**Task statement**
Please output only the lines running from the one that contains "Death Metal Rowlf Muppets Sticker" through the last line of the data below, exactly as they stand, with no pictures.

** Supplied material follows **

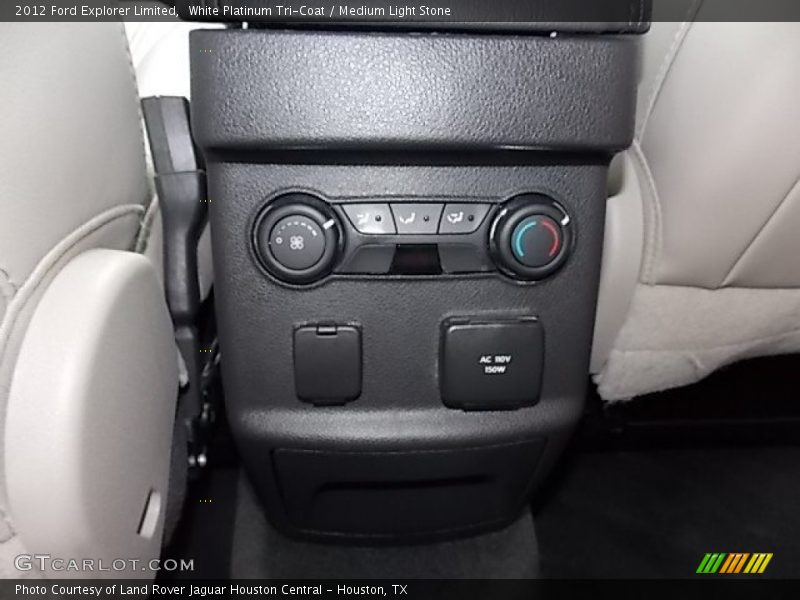 White Platinum Tri-Coat / Medium Light Stone 2012 Ford Explorer Limited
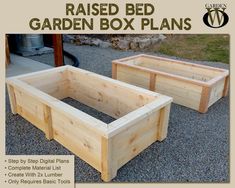 the raised bed garden box plans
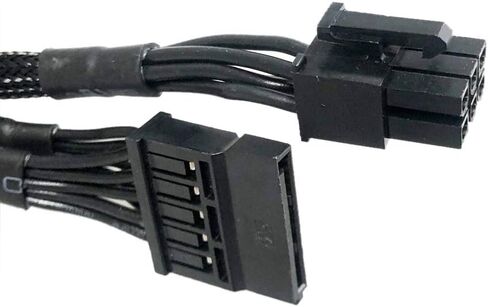 Suyitai استبدال ل EVGA سوبر نوفا 450-850 G2 B3 G3 G5 P2 B2 80 Plus 6 دبوس إلى 3X SATA سائق كابل الطاقة in Kuwait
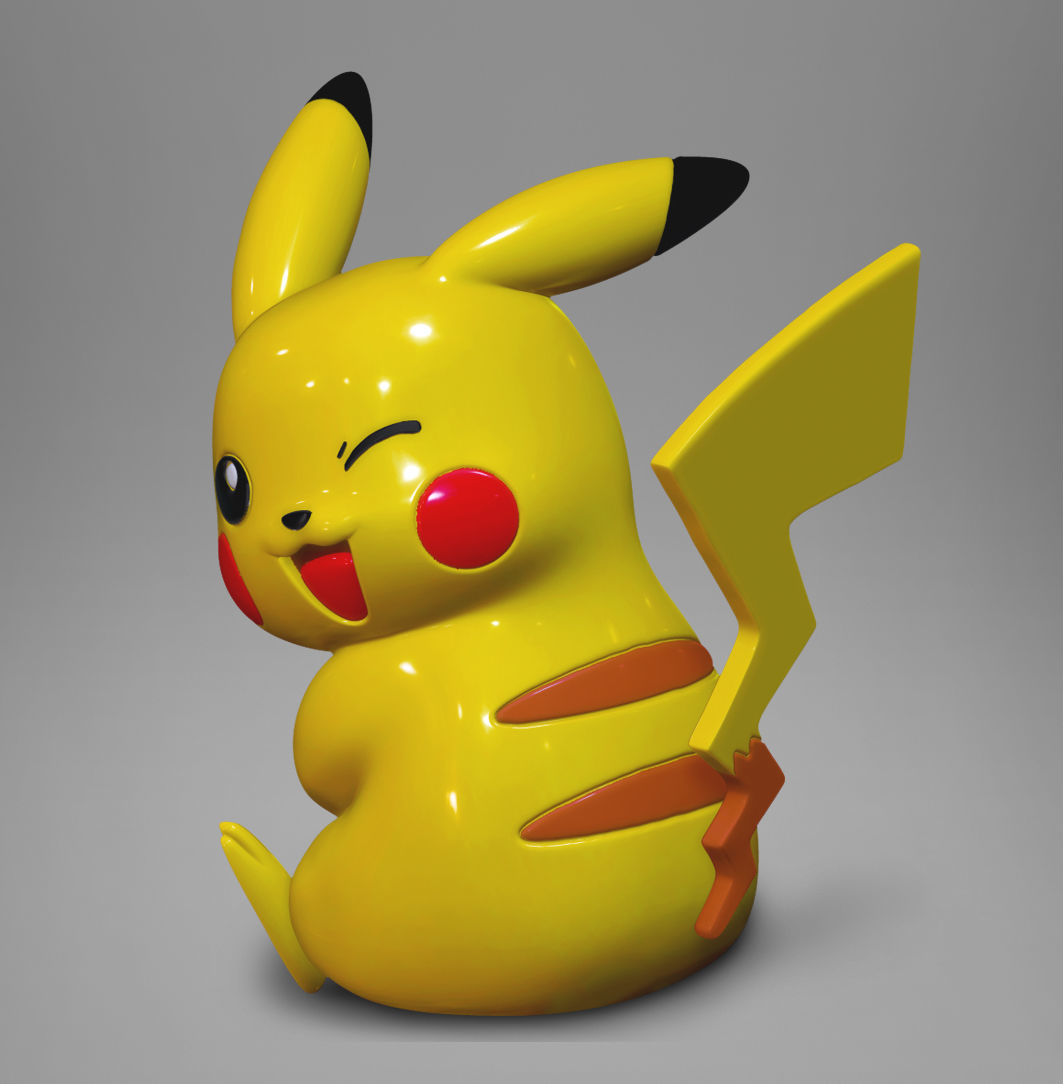 Pikachu winking for 3D printing 3D print model_1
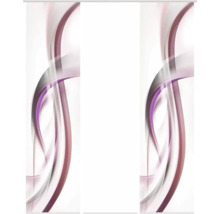 Décor pour porte coulissante avec motif abstrait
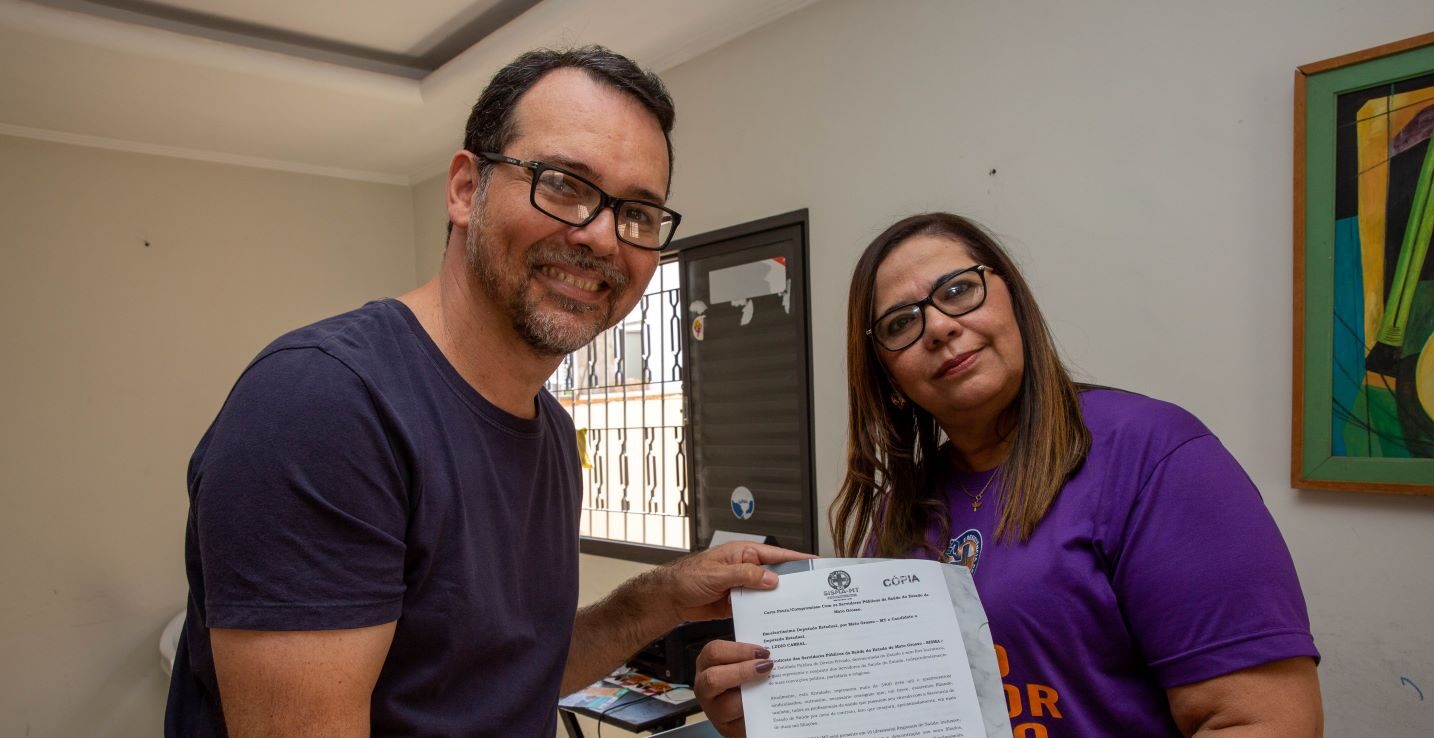 Lúdio Cabral e Carmem Machado do Sisma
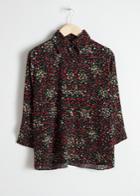 Other Stories Button Up Shirt - Red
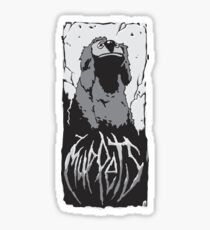 Death Metal Rowlf Muppets Sticker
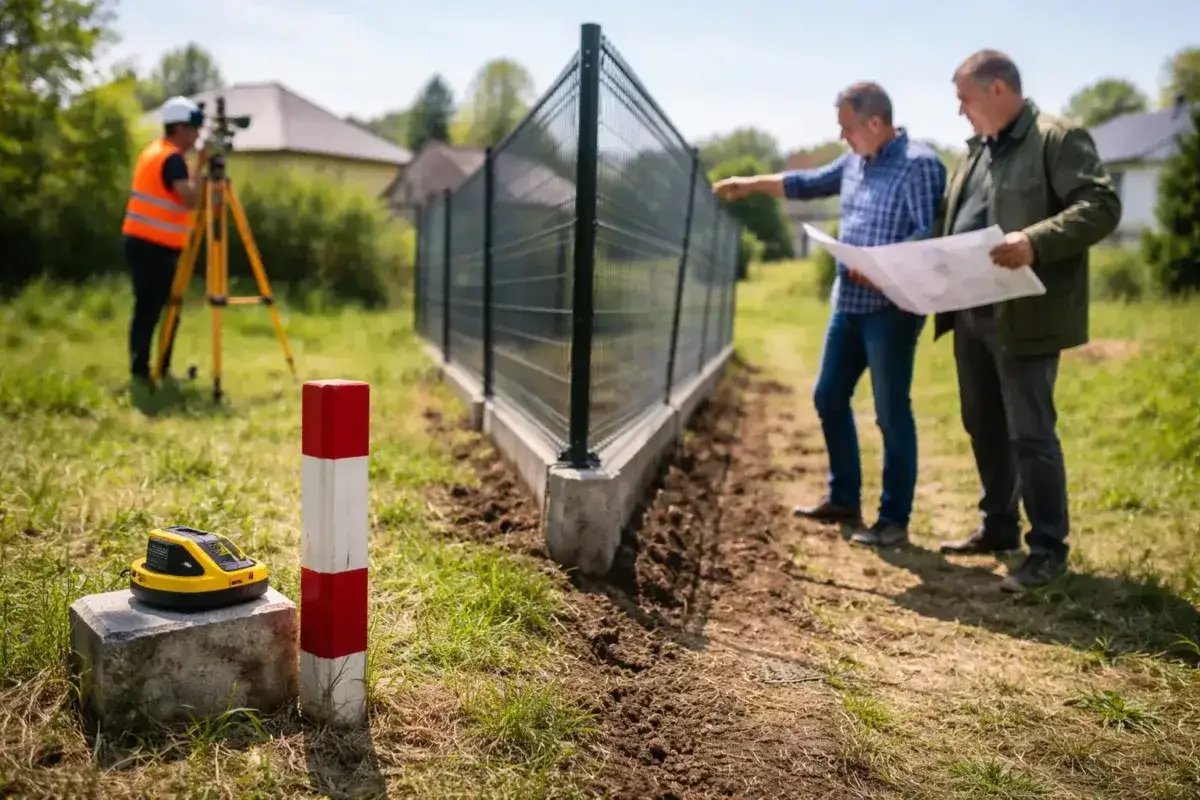 Geodeci ustalają granice działki, by uniknąć problemów z zasiedzeniem w dobrej wierze.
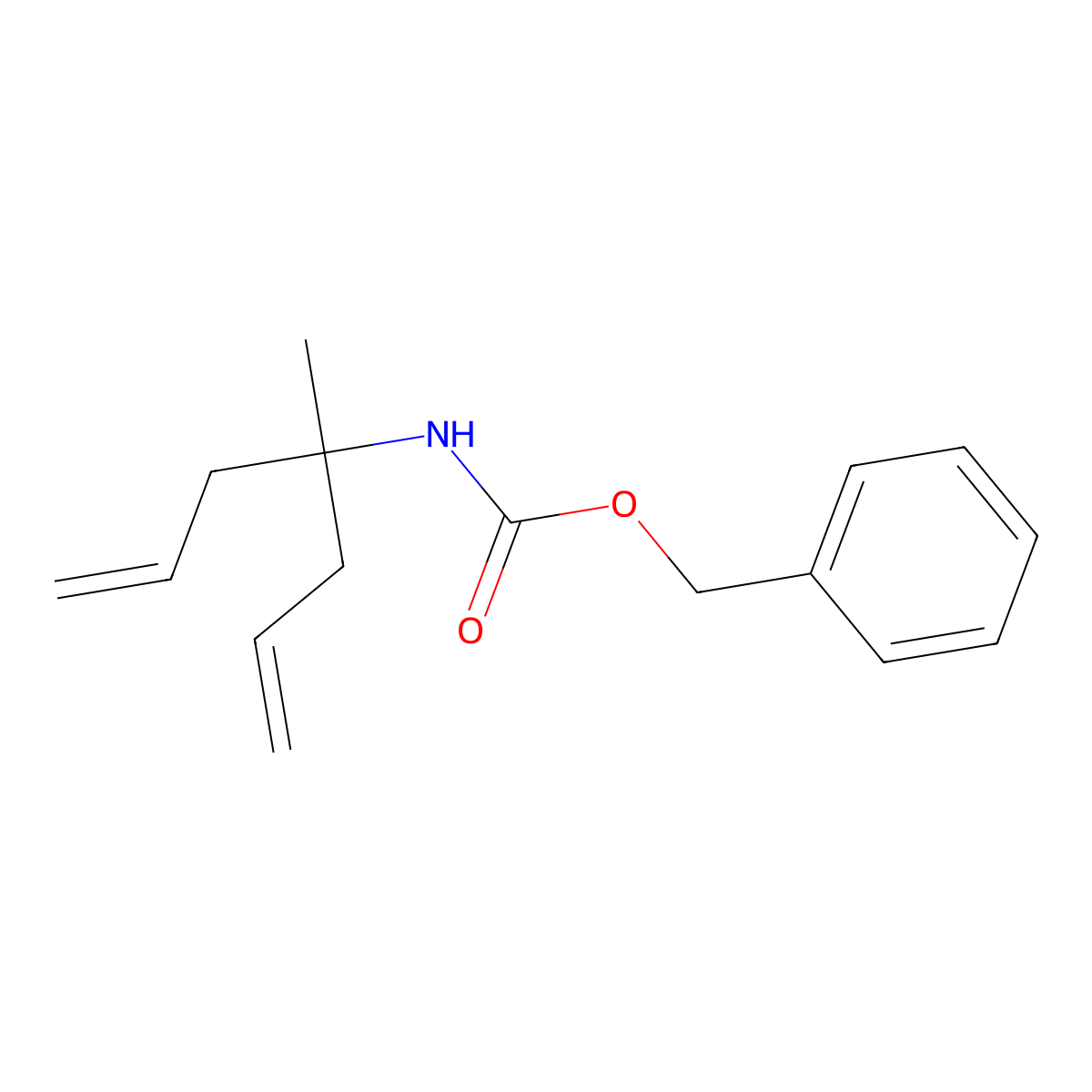 benzyl N-(4-methylhepta-1,6-dien-4-yl)carbamate molecular structure, CAS 2680819-56-9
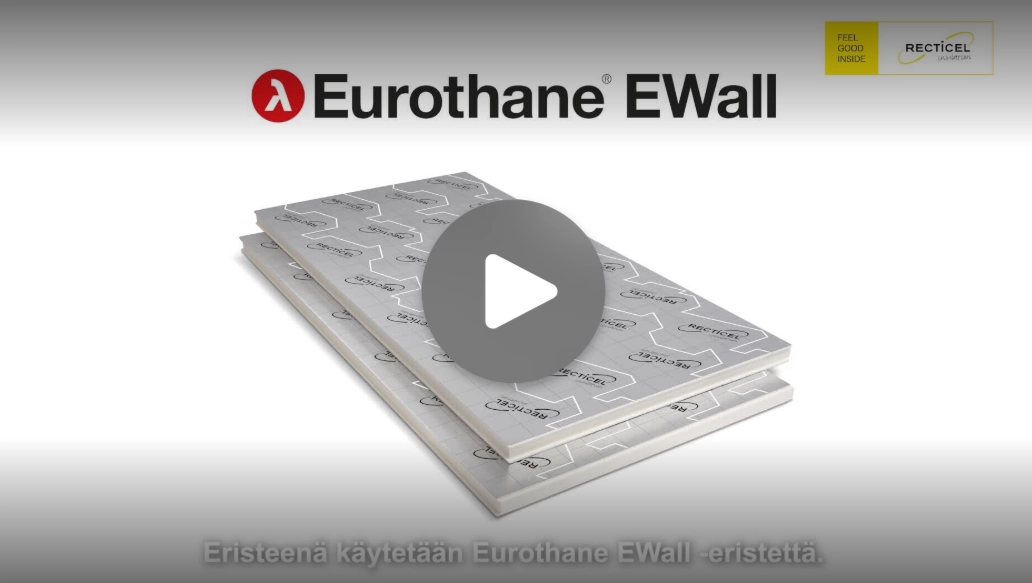  PIR-lisälämmöneristyksen asennus vanhaan purueristeiseen seinään (korjausrakentaminen)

** End of Supplied material **

**Task response**
 Death Metal Rowlf Muppets Sticker
 Geodeci ustalają granice działki, by uniknąć problemów z zasiedzeniem w dobrej wierze.
 benzyl N-(4-methylhepta-1,6-dien-4-yl)carbamate molecular structure, CAS 2680819-56-9
  PIR-lisälämmöneristyksen asennus vanhaan purueristeiseen seinään (korjausrakentaminen)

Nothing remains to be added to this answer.